西澤 保彦『沈黙の目撃者』

沈黙の目撃者 (文芸書)

沈黙の目撃者 (文芸書)


退職した刑事が他殺体で発見された現場を見た後輩刑事は違和感を覚える。その違和感とは夕食の準備中だったと思しきキッチンにエビスのロング缶とビアグラスがあることだった。完全なる下戸であるはずの先輩の遺体の側になぜビールとビアグラスが・・・?。
というのが始まりの1篇で、この作品で「沈黙の目撃者」というタイトルの意味が早々に明らかになり、以降はその「設定」で繋がる短編集です。1.2篇目までは時系列通りではないものの同じ時間軸上の物語ですが、後半の3篇は「設定」のみ共通の別作品。
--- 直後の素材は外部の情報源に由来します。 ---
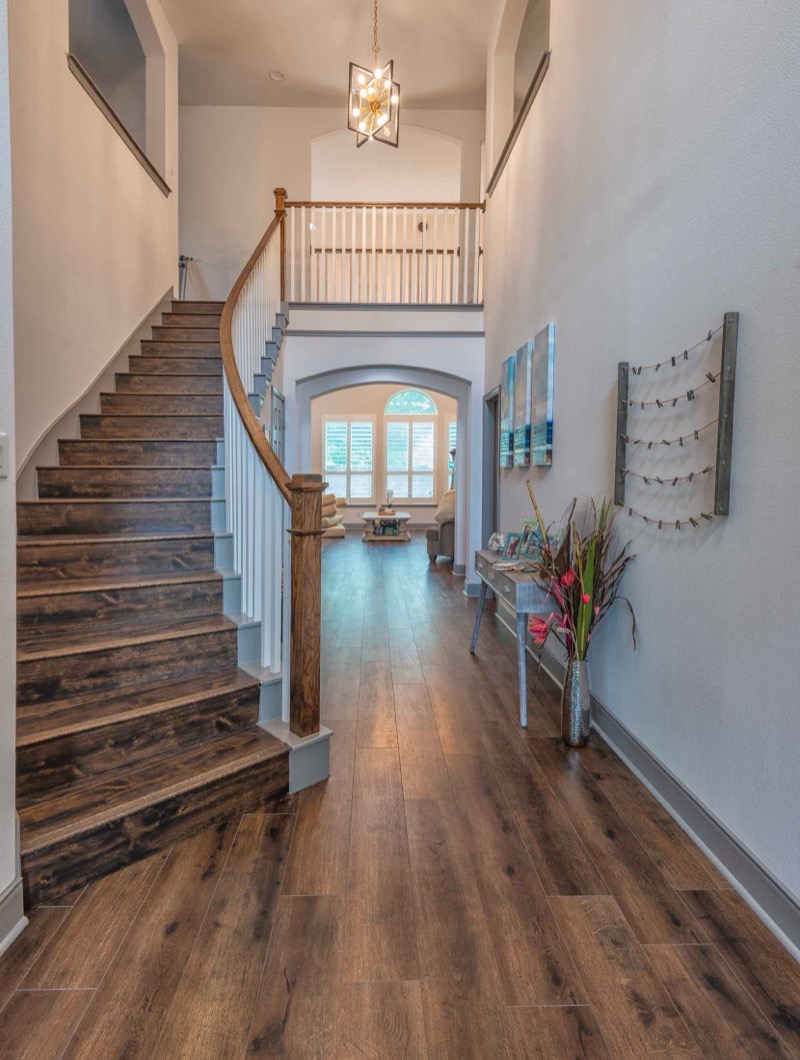 Grand entryway with curved staircase and hardwood flooring by Crafted Kitchens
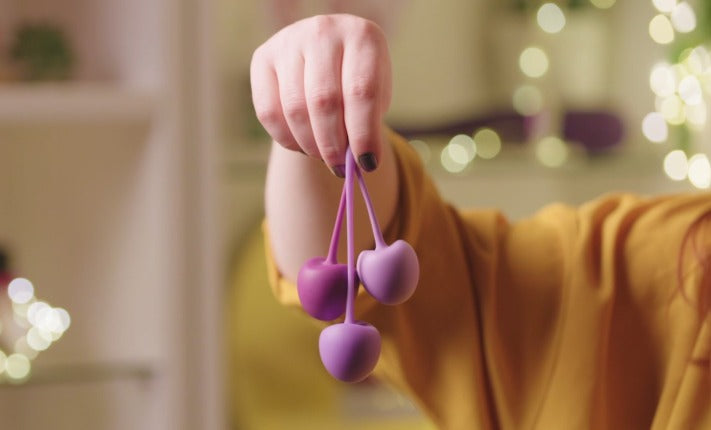 A hand holding three love balls in shades of purple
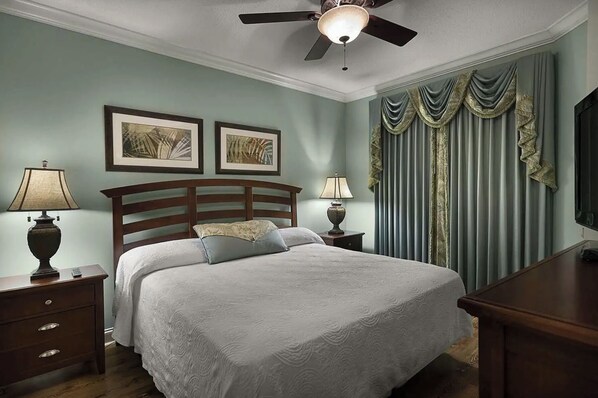 A neatly arranged bedroom with a bed, two bedside tables with lamps, a ceiling fan, and a window with curtains. - Oceanfront Villa | Pool Access | North Myrtle Beach Views (North Myrtle Beach)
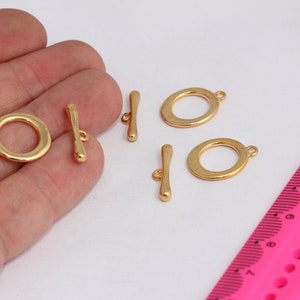 May include: Gold-toned metal toggle clasps with round rings. The clasps are approximately 2.5 cm in length.
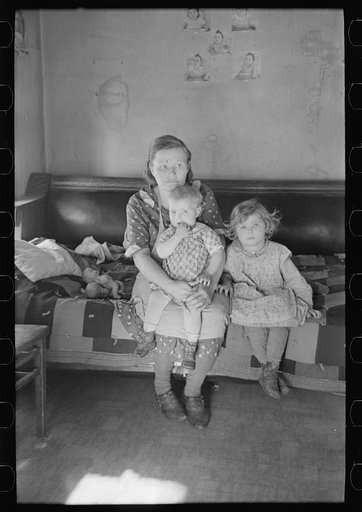 Mrs. Paul Rauhauser and two of her seven children in their home at Ruthven, Iowa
刑事の視点で描かれる1篇目と事件関係者の視点で描かれる2篇目は「設定」こそ突飛・・・というかキモ恐ろしいものの、まあ普通の事件モノです。もちろんそこは西澤さんなんで、異性同性どちらに対しても性欲を持たないノンセクシャルレズビアンの刑事コンビだったりはしますが、西澤さん的にそれは普通。で、3篇目からが本番な。本領発揮な。同じ「設定」でもこうまで違いますかと、いざ「設定」を掘り下げるとなるといきなり乱交ですかと(笑)。しかもゲイが熟女をサンドイッチ乱交ですかと(笑)。続く作品も愛憎ドロドロで、「設定」のありえなさを内容のグチョさが余裕で凌駕する、それが西澤作品ですよね!(満面の笑みで)。